BLITZER'S BLOG: Petraeus' secret trip to Iraq

By Wolf Blitzer, CNN

(CNN) - When I got up early Wednesday morning, I got an e-mail from CNN's Arwa Damon in Baghdad. She had been hearing that CIA Director David Petraeus was spotted in Iraq in recent days. She asked me to check it out with my sources in Washington, which, of course, I did.

I learned that the retired U.S. Army general who once commanded U.S. forces in Iraq had indeed gone to Iraq, this time as head of the CIA. I was also told he was already back in Washington safe and sound.

Petraeus has a long history in Iraq. I had dinner with him in 2005 in Baghdad when things were very gloomy for the entire U.S.-led operation. He later helped put together the surge strategy that tended to stabilize the situation. He knows the country well and, more importantly, the leadership.

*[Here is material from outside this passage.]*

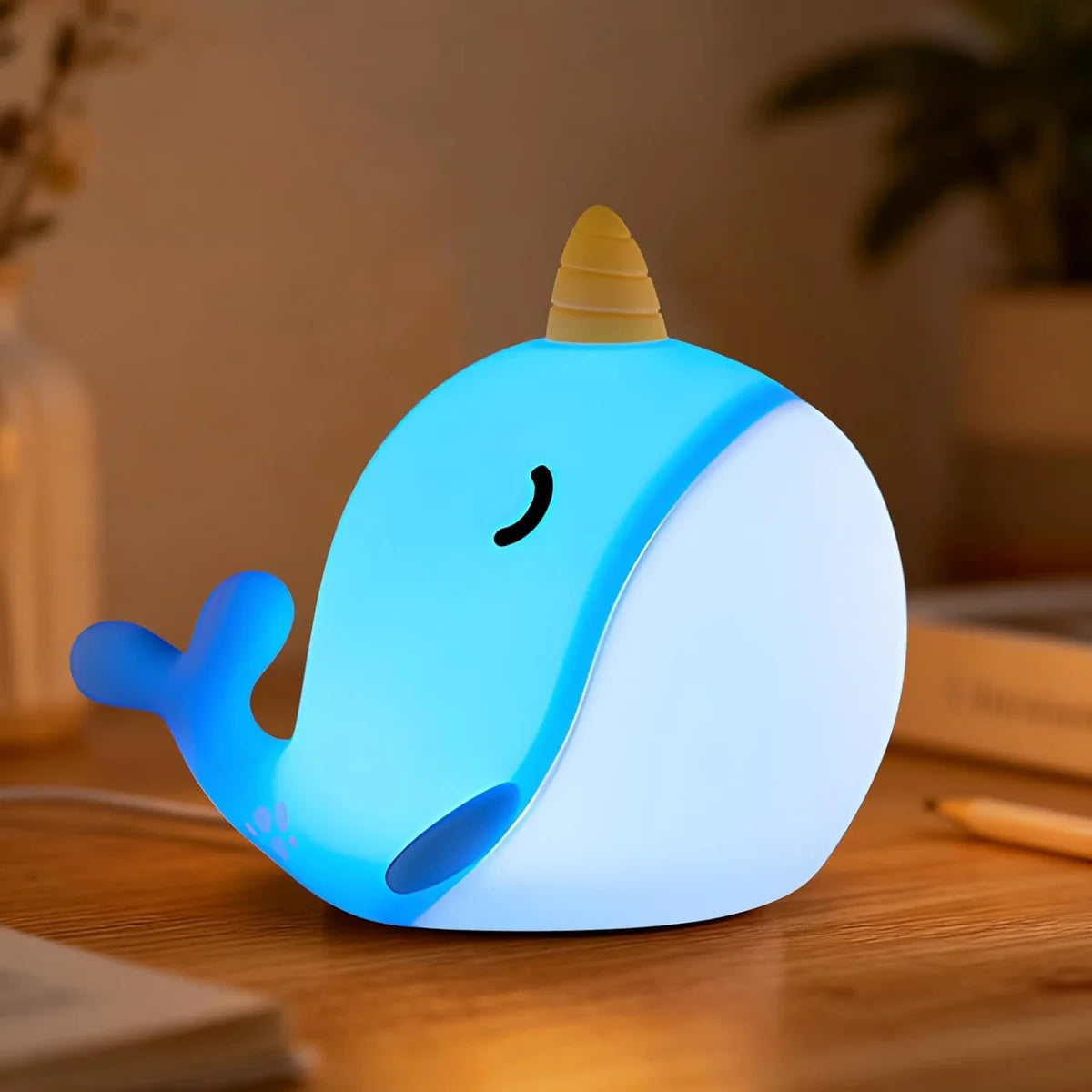 مصباح ليلي حوت نرويلي من السيليكون | Narwhal Silicone Night Light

But things are really on the verge of meltdown right now. Tensions between the Shiite leadership of Prime Minister Nuri al-Maliki and so many of his Sunni coalition partners are intense. The Kurdish leadership, the most pro-American of the bunch, is watching very cautiously and nervously from its semi-autonomous region in the north.

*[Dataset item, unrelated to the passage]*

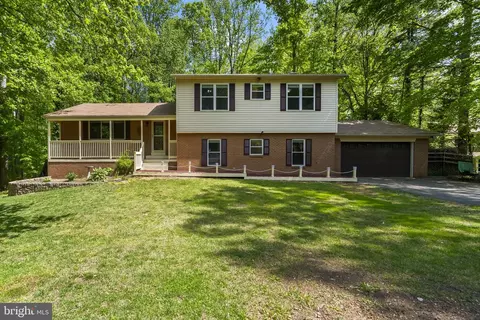 6311 Deerbrooke Ct, Chesapeake Beach, MD 20732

There is a serious fear of violence breaking out among the three groups. Talk of a civil war – coming only days after all U.S. troops pulled out of the country – is rampant.

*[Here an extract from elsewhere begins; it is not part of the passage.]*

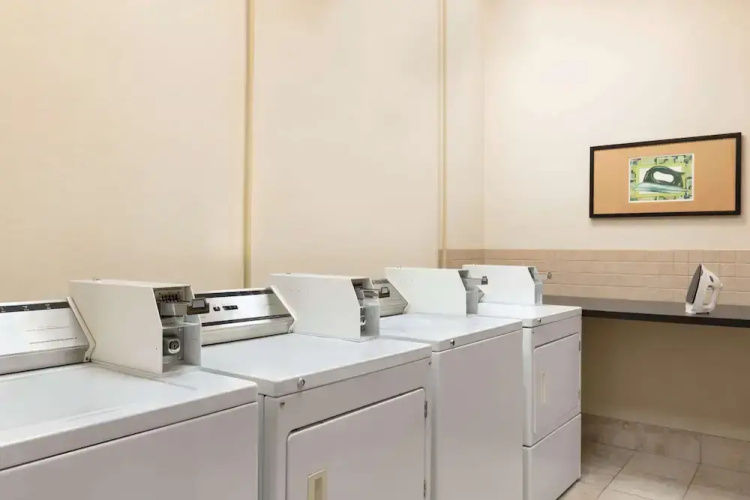 Ramada Drayton Valley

Sen. John McCain, the ranking member of the Armed Services Committee and a frequent visitor to Iraq, told me Tuesday that he doesn’t have confidence in al-Maliki. I don’t think a lot of American experts both inside and outside the government do have confidence in him. His leadership is lacking.

A deputy prime minister who’s a Sunni told Damon that al-Maliki is like a “mini-Saddam Hussein.” A vice president, also a Sunni, has been accused of supporting terrorism and is now holed up in Kurdistan.

None of this bodes well for Iraq, or the 17,000 American diplomats and private security contractors who are still in the country. I’m very worried about their safety.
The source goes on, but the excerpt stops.